You are now an executive officer of the corporation. That role will require you to work closely with me, with the other officers, and with corporate staff to lead, develop, and maintain the most effective strategies and business processes we can to ensure Esterline’s success. In addition, you will have fiduciary and legal obligations to our shareholders similar to those with which you are familiar as an officer of Auxitrol.
Most importantly, as a corporate officer you embody the corporation as a whole. What you do and say shows people who we are. Please be aware of that fact at all times and ensure that your conduct, decisions, statements, and actions represent Esterline well. Accordingly, it’s appropriate to remind you of Esterline ethics standards, and to ask that you refresh yourself on our Code of Business Conduct, enclosed here. If nothing else, Esterline is a highly-ethical company and I count on you and the other officers to ensure that never changes.
Compensation. The Board approved the following compensation for you effective as of June 9:
Salary. Your new base salary will be €250,000.00 per year gross, subject to tax and social charges.
Annual Incentive Compensation. The Board appointed you to Esterline’s Annual IC Plan for FY11, which is designed to reward successful achievement of our budgeted earnings per share. Your target award will be 35% of your base salary, consistent with competitive market benchmarks. The actual award will vary, of course, depending on the earnings we achieve by year-end. For further information, please see the enclosed IC Plan copy.
Because your promotion has taken effect in the middle of the fiscal year, you will retain your appointment to the Advanced Sensors IC Plan for FY11 and Esterline will pay you based on whichever plan produces better results. The calculations for both plans will use the following factors: full-year eligibility (not pro-rated); new base salary level; and new target appointment of 35%.
Long Term Incentive Plan. You will also participate in Esterline’s Long Term Incentive Compensation Plan (LTIP), which is similar to the platform plan you currently have. Your appointments to the Esterline LTIP will be for three pending plan cycles: FY09-FY11, FY10-FY12, and FY11-FY13 at a target award level of €100,000.00. Your actual LTIP award would be payable at that target level if we achieve the Plan’s earnings growth and ROIC goals. Depending on company performance, your actual award could vary from 0% to as much as 400% of your target, in accordance with the LTIP matrix.
You will also retain your existing participation in the Advanced Sensors LTIP, and in each of the next two years, your actual awards will be paid, pro rata, as follows:
— | FY09 – FY11: one-third ESL results; two-thirds Sensors results |
— | FY10 – FY12: two-thirds ESL results; one-third Sensors results |
— | FY11 – FY13: all ESL results |
Stock Options. The Board also approved an exceptional promotion grant for you of 25,000 shares of Esterline stock at the NYSE market closing price on June 8, 2011 as reported in the Wall Street Journal on the subsequent day. Due to administrative requirements, we will send the option award to you under separate cover.
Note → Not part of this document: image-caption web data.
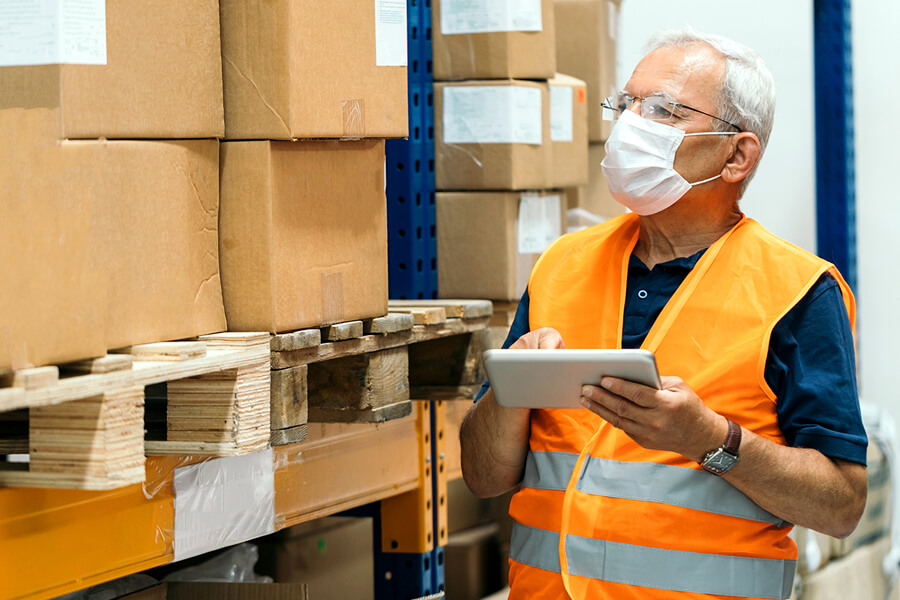 Man with tablet taking inventory in warehouse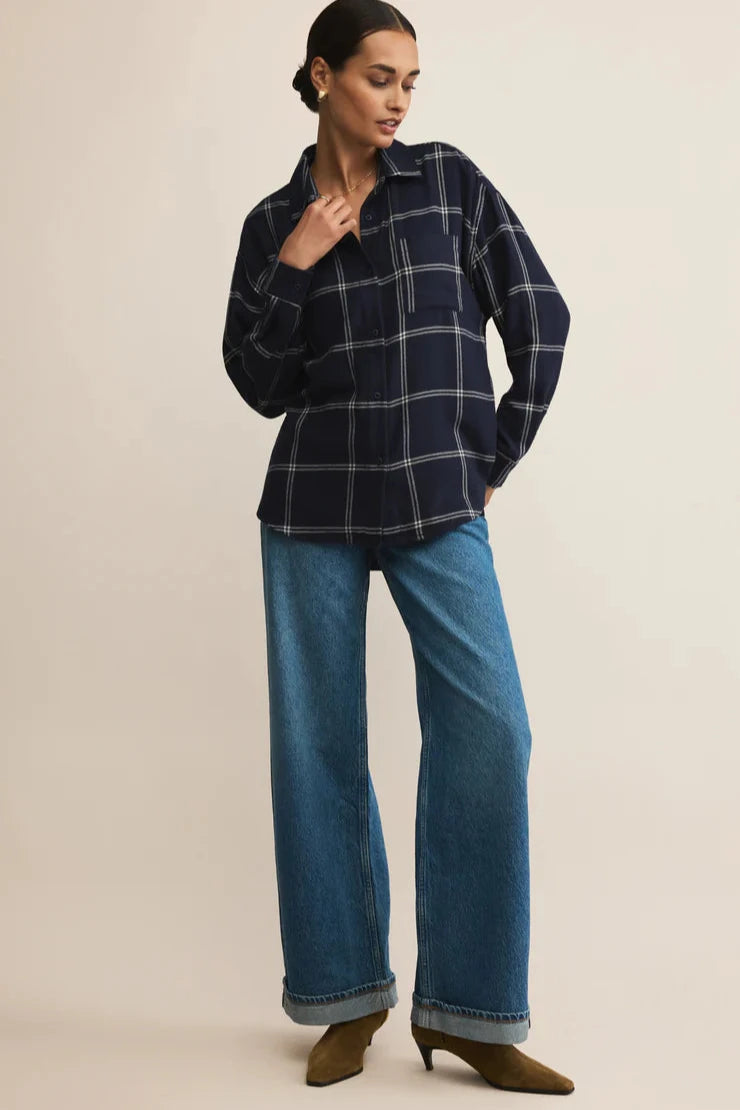 Woman wearing a navy plaid shirt and blue jeans on a beige background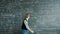 Crazy young man beating chalkboard yelling feeling angry because of science problem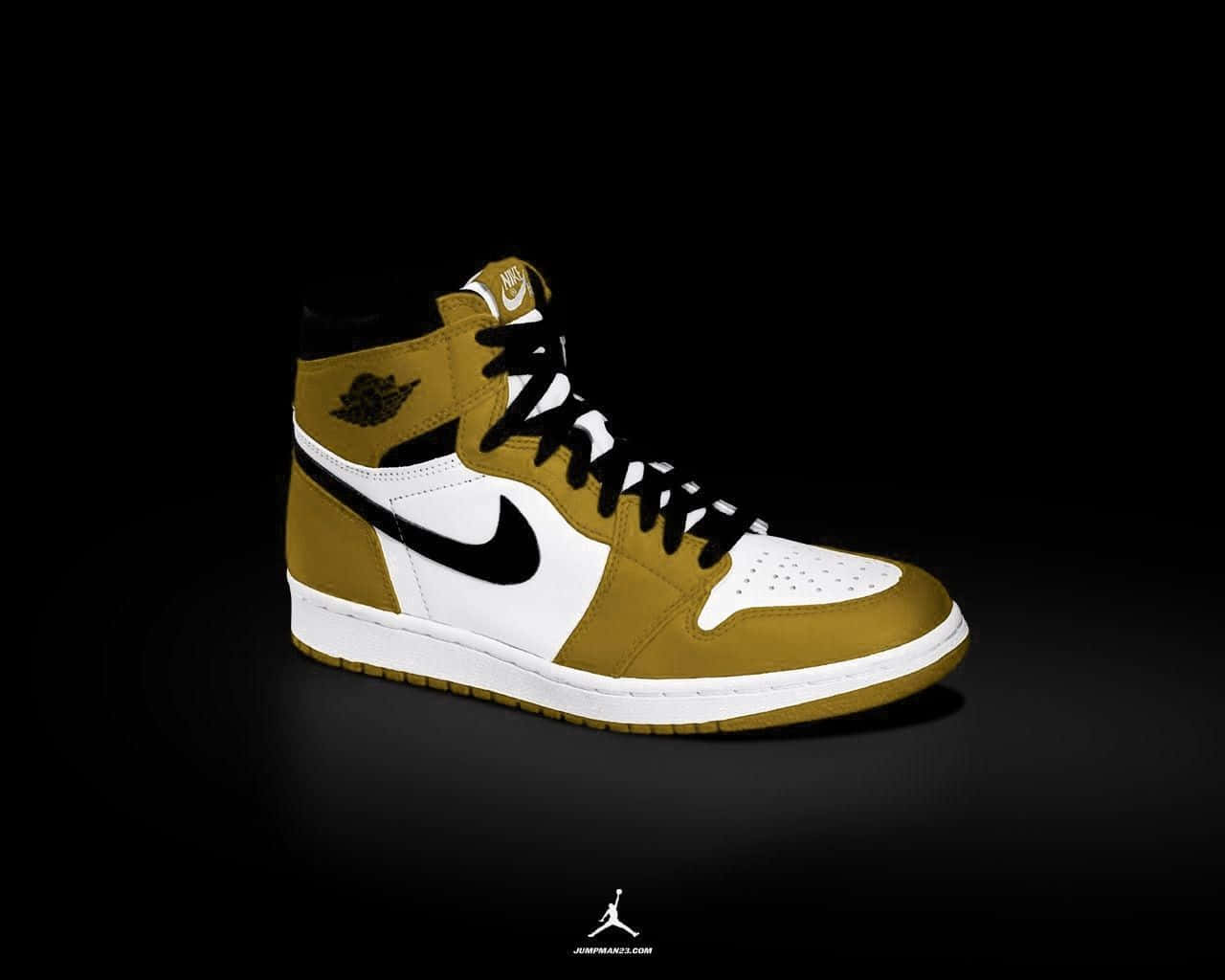 Download A Gold And White Jordan Shoe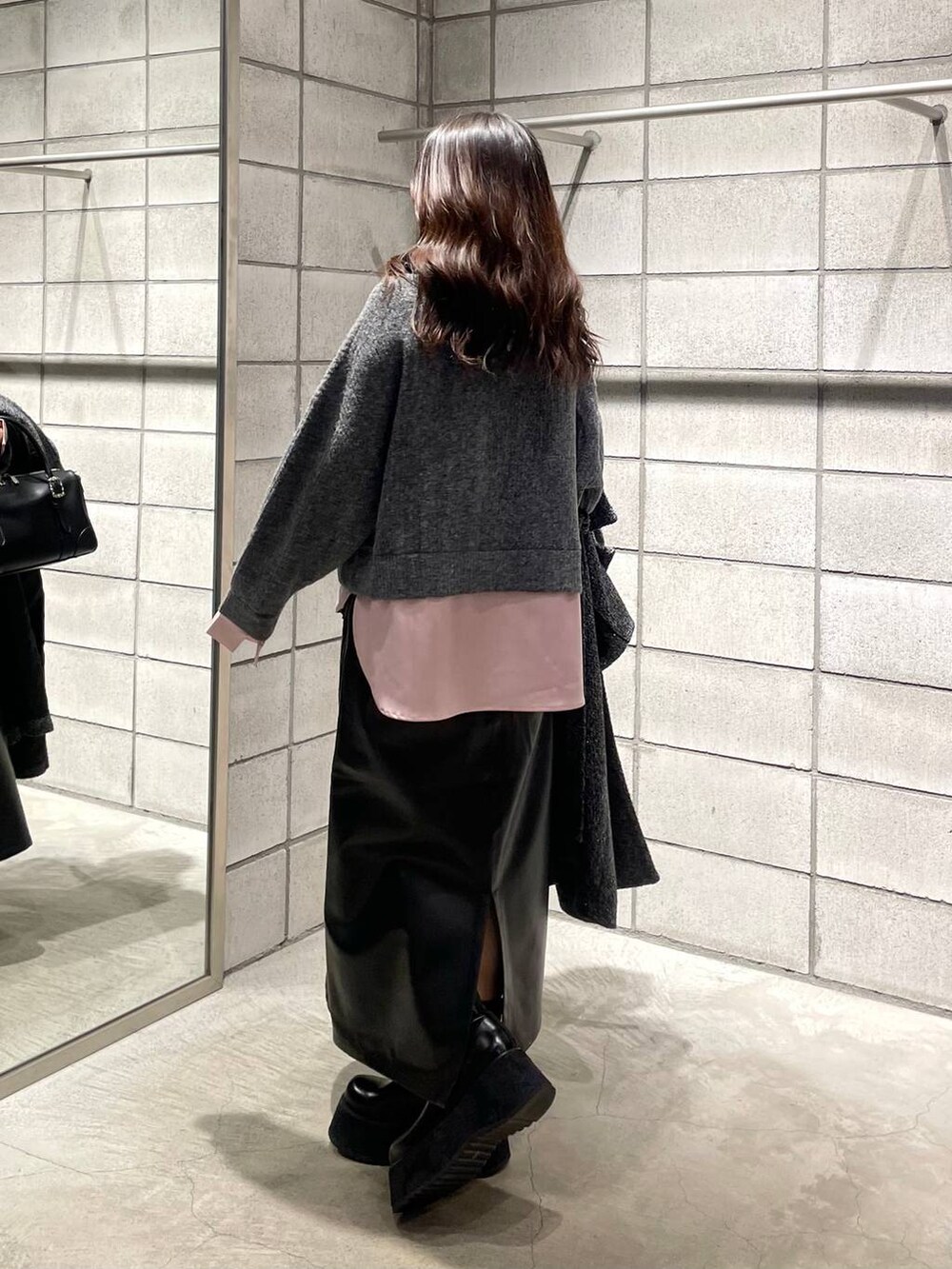 ブラック系のボストンバッグ、ピンク系のニット/セーター、ブラック系のブーツを着用したレディースの冬コーディネートの4枚目の写真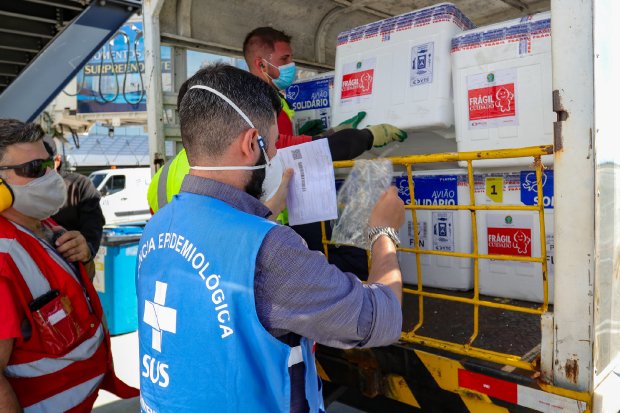Um profissional da Vigilância Epidemiológica, identificado pelo colete azul, verifica documentos enquanto outra pessoa retira uma caixa térmica branca da caçamba de um veículo.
Retirement and Other Social Benefits. With your transfer to Esterline, you will participate in either our U.S.-based Supplemental Executive Retirement and Deferred Compensation Plan (“DC SERP”), or in a similar arrangement based in France. The choice will depend on tax and administrative efficiencies, which are currently being analyzed. Once decided, the company will make an annual contribution estimated to provide you with a total retirement benefit equivalent to that of Esterline officers based in the U.S. At this point, we expect the amount to be approximately 10% of your annual salary and IC earnings. Please contact Teresa Sebert in Bellevue for further information.
Your other retirement, health care, and other social benefits will continue in accordance with the French system.
Financial Advisory Fees. If you have not already done so, we encourage you to select a personal financial advisor to assist you in making the most of your income for yourself and your family. As you know, investments and long term financial planning require substantial time and expertise. You are undertaking a very large responsibility and Esterline needs your full attention on the business. Thus we want all officers to find and rely on professional advisors to ensure you and your family prosper and to minimize the amount of time such work would otherwise require of you. The corporation will reimburse you for up to $8,000.00 each year (~€5,500.00) in financial advisory fees.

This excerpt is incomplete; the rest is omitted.